The post-season begins Wednesday with Crosby and the Pittsburgh Penguins visiting the Ottawa Senators 7 p.m. ET, the Dallas Stars at Vancouver Canucks 10 p.m. ET, the San Jose Sharks at Nashville Predators 8 p.m. ET and the Minnesota Wild at Anaheim Ducks 10:30 ET.
It will be the first NHL playoff experience for 19-year-old Crosby as well as for teammates Evgeni Malkin, 20, and Jordan Staal, 18.
The NHL reports that the last team with three 20-and-under players in key roles in the post-season was the 1979-80 Edmonton Oilers, who had 19-year-old Wayne Gretzky and Mark Messier and 20-year-old Kevin Lowe.
That Oilers team was swept in a three-game series by the Philadelphia Flyers, but two games went into overtime and the youngsters combined for seven points – half their team’s offence.

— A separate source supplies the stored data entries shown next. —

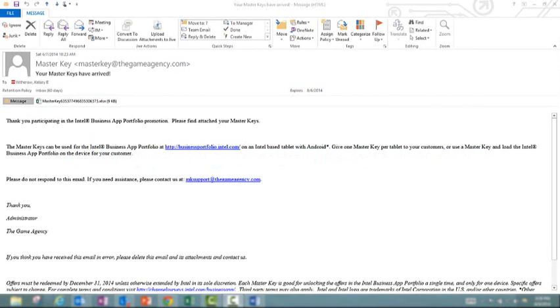Attached to your master key delivery email will be a spreadsheet. In that spreadsheet, you'll have one column of all of the master keys that you requested. Again, remember, it's one master key per tablet.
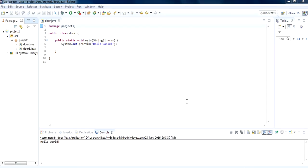Hi guys, in this tutorial we are going to see what a variable is and how we can use variables in Java, and how we can assign a value to variables. So let's get started.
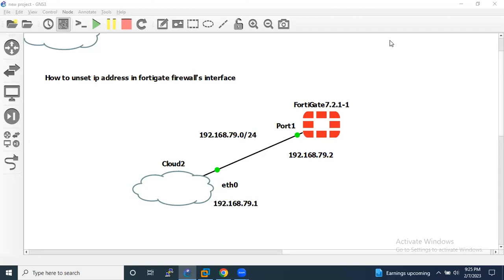Hello everyone, welcome back to my YouTube channel. Today we are going to see how to unset IP address in the FortiGate firewall interface.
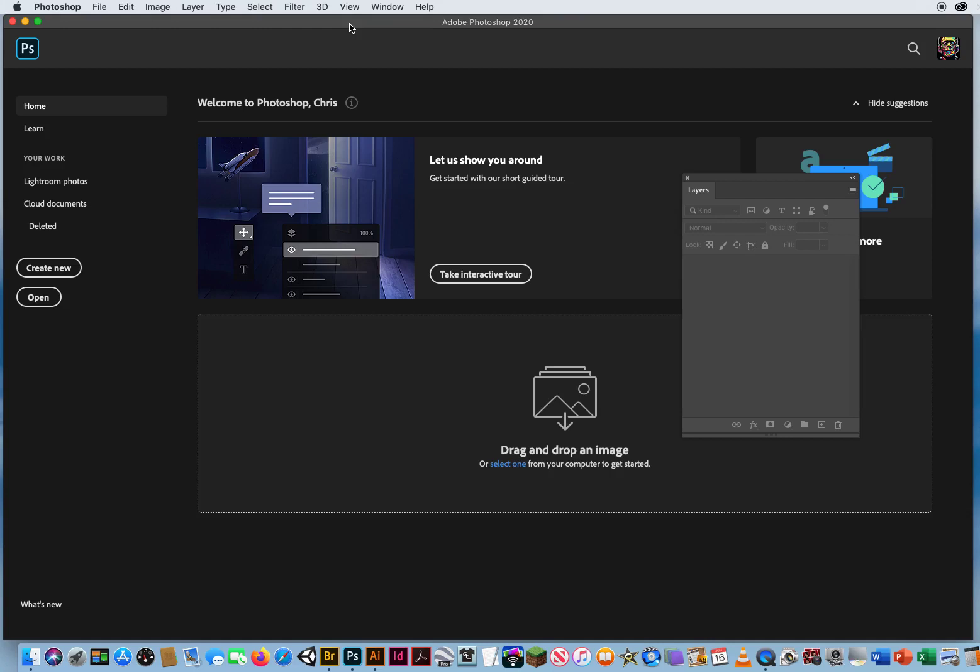Now that I've shown you how to replace colors in a photo like that little t-shirt, I'm gonna put you to the test and make you replace the colors of an entire car. Well, I'm not gonna make you. I'm gonna ask you politely, but you're still gonna do it. So yeah, I'm gonna make you do it.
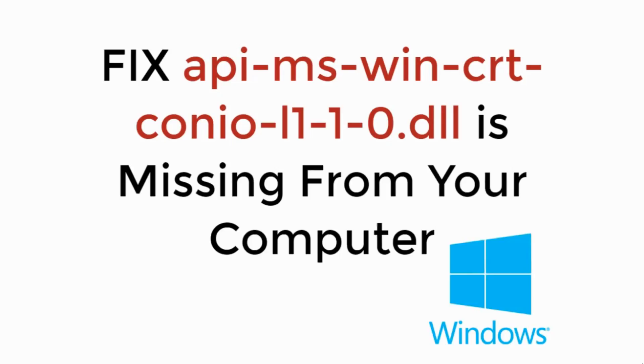In this video we will learn how to fix api-ms-win-crt-sino.dll is missing from your computer. So let's begin.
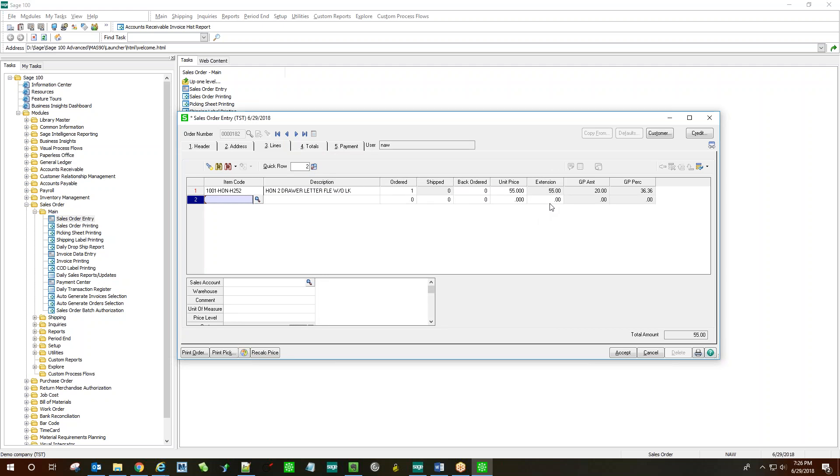Let's give this one a unit price of $55. And once I press Enter and move to the next row, in essence saving the line, the gross profit amount is calculated for that line, $20 in this case, and a gross profit percentage of 36.36.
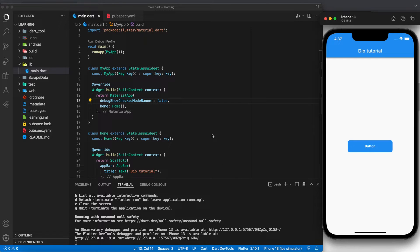Hi, welcome to my channel. Today I will be showing you how to make HTTP requests in Flutter.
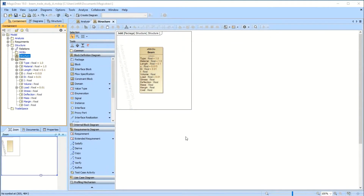I'm going to see if I can put together a little video on how to build this trade space model that I developed last week. I got some help from No Magic — there's an actual trade space tutorial out there, it's kind of hard to find. So I thought I'd do a simpler trade space study: a study of a beam where the beam can be square, and the material can be copper, steel, or aluminum.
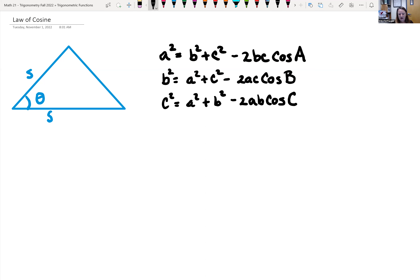We could also use law of cosines to find angles. But if we know an angle and a side across from it, we'd probably use law of sines instead. With law of cosines, we're only given one angle, so unlike the law of sines case, we don't have to worry about the ambiguous case — no triangle, one triangle, or two triangles.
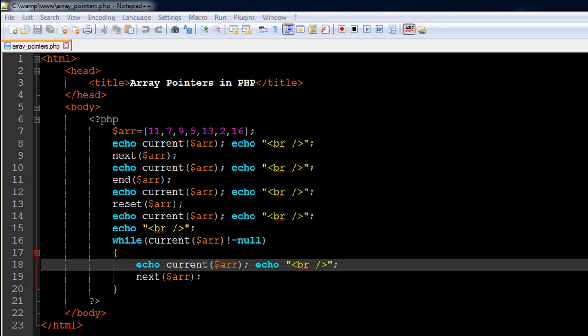Hello guys, welcome to my channel. This is the 33rd tutorial in this course, and in this tutorial we are going to talk about array pointers in PHP and check out some more array functions. I've got a file opened up in my text editor called array_pointers.php. On line 7 I have created an array variable named 'arr' with elements 11, 7, 9, 5, 13, 2, and 16 — all numeric values.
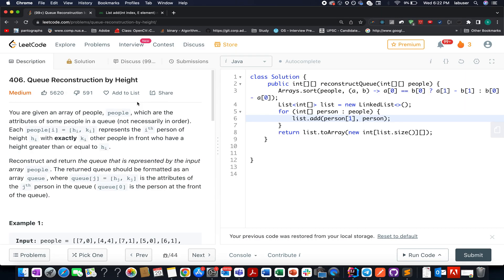Hello everyone, welcome to Coding Decoded. My name is Anshad Deja, I am working as Technical Architect SD4 at Adobe. Here I present Day 29 of the Dual Decode Challenge. The problem we have today is Queue Construction by Height, a medium level question. If you have any doubts or want to ask about job placement or internships at Adobe, feel free to drop a question on the Telegram group or Discord server of Coding Decoded — both links are below.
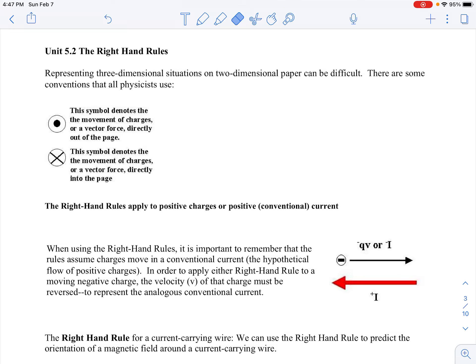Here are the notes for unit 5.2 right-hand rules. In this section we're going to look at moving charges in magnetic fields and the forces that they experience. There are three different scenarios we're going to look at related to that, but first we want to make sure that we understand how to represent three-dimensional situations on two-dimensional paper.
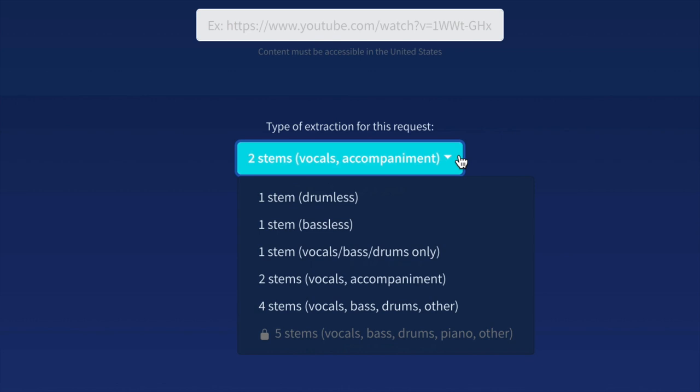Next up is One-stem Vocals Bass Drums Only. This is essentially going to remove the accompaniment of the track. So if you've got guitars in there, pianos, synths, it's going to try to extract that from the song. And again, since this is a one-stem extraction, you're only going to get one file.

The Oilers went on to win five Stanley Cups between 1984 and 1990 and one wonders how many the emerging Penguins may get before they’re done.
Staal is hardly the first 18-year-old in the post-season. There have been 47 over the years, including Gordie Howe (1947), Steve Yzerman (1984), Trevor Linden and Mike Modano (1989), Jarome Iginla (1996) and Joe Thornton (1998).
Then there’s 40-year-old Gary Roberts, a scourge to the Senators when he was on a Toronto squad that beat them in three straight playoff years from 2001 to 2004.
Before he was dealt to Pittsburgh in February, Roberts asked to be traded to one of two teams – Toronto or Ottawa. Instead, he’ll play against the Senators once again.
Between Florida and Pittsburgh, Roberts played six times against Ottawa this season, posting four goals and one assist. He has 17 points in 18 career playoff games against the Sens.
Even older is Detroit’s 42-year-old goaltender Dominik Hasek, who returns to playoff action Thursday against the Calgary Flames 7 p.m. ET for the first time since he helped the Wings clinch the 2002 Stanley Cup from Carolina.
Hasek, who has a 2.03 goals-against average in 97 career playoff games, will be the fifth-oldest goalie ever to play for the Cup after Johnny Bower (1969) and Lester Patrick (1928), who were 44, Jacques Plante (1973) who was 43, and Gump Worsley (1972) who was 42 but several months older than Hasek.
Hasek’s teammate, defenceman Chris Chelios, is 45 and first played in the post-season in 1984 for Montreal, scoring a goal in his first game against Boston. That was only six days short of a year before Flames defenceman Dion Phaneuf was born on April 10, 1985.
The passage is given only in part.